HF (preserved Ejection fraction): diuretics for volume overload.
**Add ACEI or ARB and beta blocker for incremental BP control; also consider angiotensin receptor – neprilysin inhibitor and mineralocorticoid receptor antagonists
HF (reduced ejection fraction), Angina, post MI or ACS: beta blockers. AVOID: Non-DHP calcium antagonists
Secondary stroke prevention: Thiazide, ACEI, ARB or thiazide + ACEI combination. **if previously treated, restart drugs a few days post-event; if not previously treated, start drug treatment a few days post-event if BP ≥140/90.
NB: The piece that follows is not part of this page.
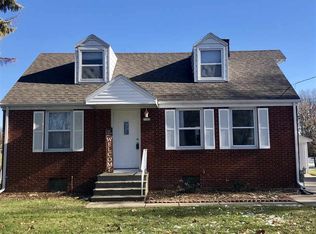 1103 S 6th St, De Pere, WI 54115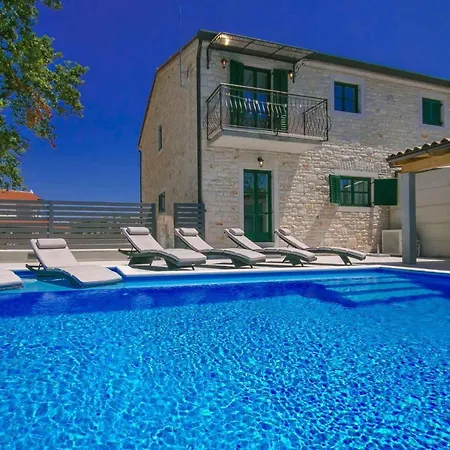 Holiday In Porec/istrien 40267 Prázdninový dům *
Valvular heart disease such as: Aortic stenosis (asymptomatic) or Aortic insufficiency: Avoid beta blockers, non-DHP calcium antagonists. Avoid drugs that slow heart rate
Prodrugs anti-HTN:
Minoxidil is a prodrug that is converted by sulfation via the sulfotransferase enzyme SULT1A1 to its active form, minoxidil sulfate
Methyldopa is a prodrug that is metabolized into alpha-methyl-noradrenaline (norepinephrine) and acts centrally to decrease the adrenergic neuronal outflow from the brain stem.
Race vs. HTN treatment:
African Americans. Accordingly, those without heart failure or CKD who do not meet criteria for two-drug therapy should be initially treated with either a thiazide-type diuretic or calcium antagonist.
- combination > monotherapy in this population.
Prototypes of anti-HTN drugs:
CCB: Nifedipine
Beta-blockers: Propranolol (nonselective)
ACEI: Captopril (shorter half life than newer generations)
ARB: Losartan
White coat hypertension:
office BP is ≥130/80 mm Hg but out of office (home or daytime ambulatory BP) <130/80 mm Hg after 3 months of diet and lifestyle modification.